L’ajout d’une seule route changeait radicalement le paysage commercial d’une nation.
« On ne peut pas le nier. » Veight hocha la tête, reconnaissant l’inquiétude de Woroy. « Le conseil va également se lancer dans une refonte majeure des infrastructures dans un avenir proche. »
« Ouais, et c’est pourquoi je m’inquiète de la façon d’aménager ma ville. »
« Tu demandes toujours conseil sur les problèmes les plus difficiles », grommela Veight en passant sa main dans ses cheveux. « Si tu veux vraiment des conseils, je te conseille de demander conseil aux vice-rois du Sud. Ils ont tous réussi à trouver des solutions uniques aux obstacles que le Sénat leur a placés sur la route. » Veight croisa les bras. « En fait, je connais exactement la personne à qui tu devrais t’adresser. Forne a réussi à faire de Veira une puissance économique malgré le fait que sa ville soit au milieu de nulle part. »
« Forne est celui qui porte ces drôles de tenues, n’est-ce pas ? »
Oui, et il parle d’une voix aiguë, et porte des bijoux, pensa Veight.

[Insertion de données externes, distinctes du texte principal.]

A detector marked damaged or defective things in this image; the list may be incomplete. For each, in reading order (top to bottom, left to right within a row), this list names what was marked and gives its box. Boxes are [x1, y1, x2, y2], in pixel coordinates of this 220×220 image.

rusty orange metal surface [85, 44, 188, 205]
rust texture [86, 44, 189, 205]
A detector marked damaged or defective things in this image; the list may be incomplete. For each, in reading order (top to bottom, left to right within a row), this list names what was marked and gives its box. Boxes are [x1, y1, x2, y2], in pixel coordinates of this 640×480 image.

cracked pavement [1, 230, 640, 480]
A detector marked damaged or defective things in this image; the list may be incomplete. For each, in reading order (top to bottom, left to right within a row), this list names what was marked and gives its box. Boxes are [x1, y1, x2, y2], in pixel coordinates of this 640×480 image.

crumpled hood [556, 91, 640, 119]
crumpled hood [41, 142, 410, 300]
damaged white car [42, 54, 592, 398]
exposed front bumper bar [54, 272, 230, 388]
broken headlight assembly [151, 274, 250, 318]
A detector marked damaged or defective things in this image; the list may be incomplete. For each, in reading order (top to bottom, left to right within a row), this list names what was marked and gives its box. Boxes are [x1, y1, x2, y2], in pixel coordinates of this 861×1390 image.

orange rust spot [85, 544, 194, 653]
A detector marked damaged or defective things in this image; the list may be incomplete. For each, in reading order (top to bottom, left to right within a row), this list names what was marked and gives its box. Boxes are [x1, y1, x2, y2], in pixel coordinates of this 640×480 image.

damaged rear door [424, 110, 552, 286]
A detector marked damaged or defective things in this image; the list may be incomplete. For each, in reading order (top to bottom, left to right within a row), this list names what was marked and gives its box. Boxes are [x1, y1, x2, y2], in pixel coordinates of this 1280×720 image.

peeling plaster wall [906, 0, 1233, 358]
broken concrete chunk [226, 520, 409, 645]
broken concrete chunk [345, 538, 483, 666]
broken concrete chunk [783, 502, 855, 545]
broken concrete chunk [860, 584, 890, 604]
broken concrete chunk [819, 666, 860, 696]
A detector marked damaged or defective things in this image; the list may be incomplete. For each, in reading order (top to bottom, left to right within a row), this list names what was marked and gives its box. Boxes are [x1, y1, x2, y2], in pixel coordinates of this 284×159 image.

Mais il savait aussi que Forne avait continué à développer Veira, même sous l’immense pression que le Sénat lui imposait. En fait, une partie de la raison pour laquelle il s’habillait de manière si extravagante était pour faire la publicité des produits de Veira. Il avait dit un jour à Veight : « Si ces vêtements et accessoires peuvent aller bien aux hommes, ils iront certainement bien aux femmes. »
« Malgré son apparence, Forne est un homme parmi les hommes. Je pense que tu apprendras beaucoup de lui », dit Veight avec fermeté.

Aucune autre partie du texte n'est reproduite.